Erik Chevalier, who has settled the case, raised the money from 1,246 backers. He promised he would produce a board game called The Doom That Came to Atlantic City, and the campaign came to a successful conclusion on June 6, 2012. According to the complaint (PDF), 85 percent of the backers had pledged $75 or more, the level required to get the pewter miniatures promised backers of the project.
Why are you lumping all of them together? I've bought a few things that started on Kickstarter and are now successful and sold in other stores (my favorite of them is my Kitchen Safe, of which I own 2)
There are also some cool rehab innovations, things like prosthetics, that are coming from sources like Kickstarter, a place where individuals with great ideas can bring them to fruition. Of course it's going to be buyer beware should you choose to invest, but to say they're all frauds is much too broad of a brush.
To me it's an online version of Shark Tank, except they are pitching their idea to regular folks instead of millionaires.
I just took my first look at Kickstarter and get the general impression that way too many of the sites I'm seeing are not well thought out at all. How did they arrive at what they "need" in capital? WHERE are they located? Since when do you need a "permit" to drill a water well? (I can't tell from the site where their "organic" farm is going to be, nor can I communicate without being a "sponsor".

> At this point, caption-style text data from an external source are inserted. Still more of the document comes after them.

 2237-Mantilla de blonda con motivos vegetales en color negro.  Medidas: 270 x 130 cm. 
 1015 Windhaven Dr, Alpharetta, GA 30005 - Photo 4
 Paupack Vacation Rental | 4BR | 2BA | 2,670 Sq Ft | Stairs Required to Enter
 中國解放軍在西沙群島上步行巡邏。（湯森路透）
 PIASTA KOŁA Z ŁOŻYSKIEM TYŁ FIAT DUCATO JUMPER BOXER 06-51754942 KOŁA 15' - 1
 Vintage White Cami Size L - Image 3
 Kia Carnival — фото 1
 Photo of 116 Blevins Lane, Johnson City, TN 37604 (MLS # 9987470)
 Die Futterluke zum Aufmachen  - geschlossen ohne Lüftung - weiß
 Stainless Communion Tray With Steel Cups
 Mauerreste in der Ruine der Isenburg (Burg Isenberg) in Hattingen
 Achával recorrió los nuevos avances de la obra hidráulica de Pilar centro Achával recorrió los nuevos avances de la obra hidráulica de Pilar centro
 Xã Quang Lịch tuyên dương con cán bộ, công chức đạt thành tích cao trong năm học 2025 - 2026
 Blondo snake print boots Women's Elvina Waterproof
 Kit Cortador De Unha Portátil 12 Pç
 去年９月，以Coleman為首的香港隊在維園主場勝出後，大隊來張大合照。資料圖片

Methinks a vetting form would do Kickstarter good, a minimum amount of disclosure information required for each site. It's too hard to figure out what these kids are up to half the time, and the other half the unit is already really out there in the real world: they're just restamping it with their logo and claiming it's new.
After three years the "dry age beef" unit doesn't even have a photo up of what it's supposed to look like. They keep stringing people along and selling them chopping boards. Right. Perhaps a starred rating system would be nice.